EXERCISE DETAILS: Would you please transcribe the records below exactly, leaving out the pictures?

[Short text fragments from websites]
▽
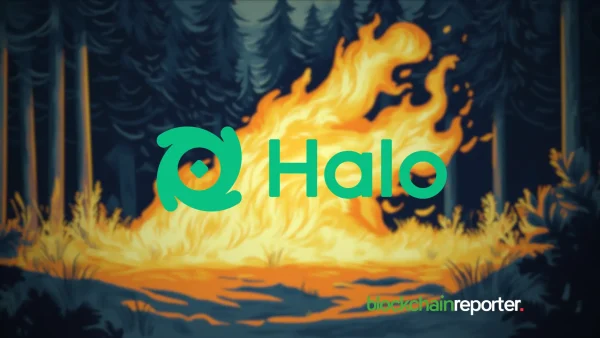 Halo Burns 25% of Initial $HLO Supply, Boosting the Token Value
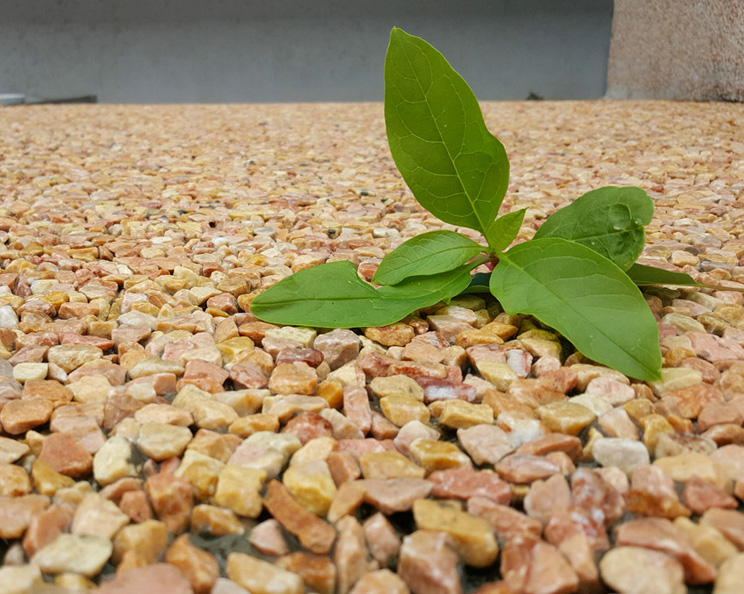 露骨料透水地坪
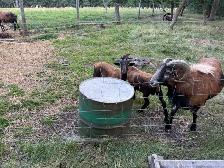 Barbados black bellied, sheep and lambs for sale - Photo 3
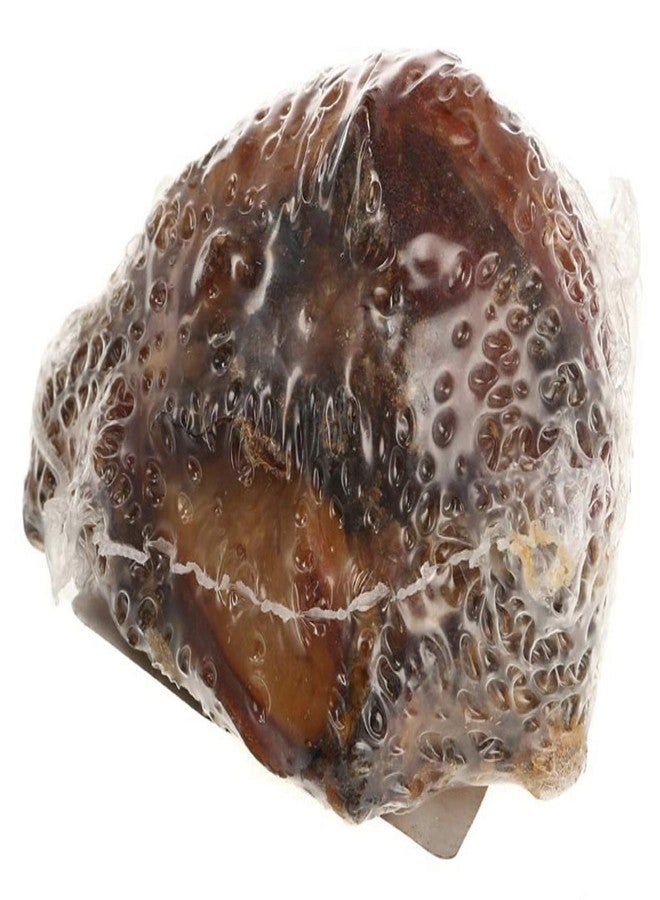 Jones New York Knee Caps Approximately 3 in. to 4 in. Each - Image 2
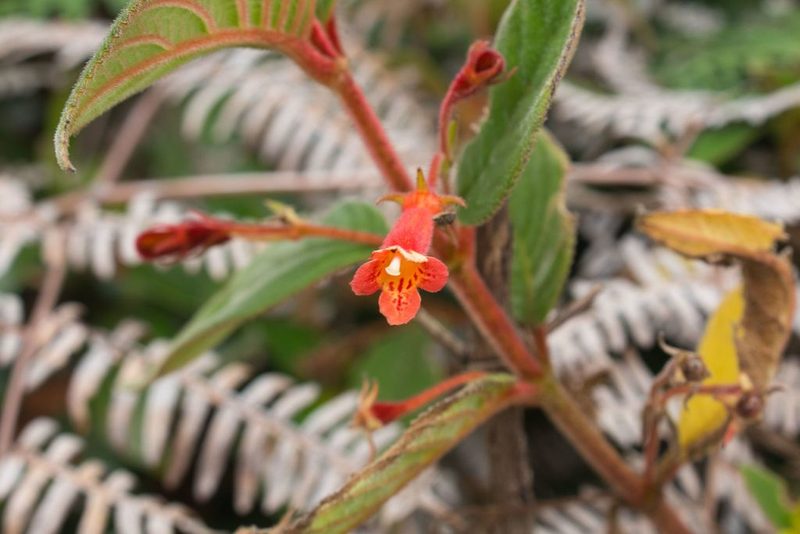Moussonia strigosa, photographed by Jake Rehage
△
SOLUTION FOR THIS PROBLEM:
 Halo Burns 25% of Initial $HLO Supply, Boosting the Token Value
 露骨料透水地坪
 Barbados black bellied, sheep and lambs for sale - Photo 3
 Jones New York Knee Caps Approximately 3 in. to 4 in. Each - Image 2
Moussonia strigosa, photographed by Jake Rehage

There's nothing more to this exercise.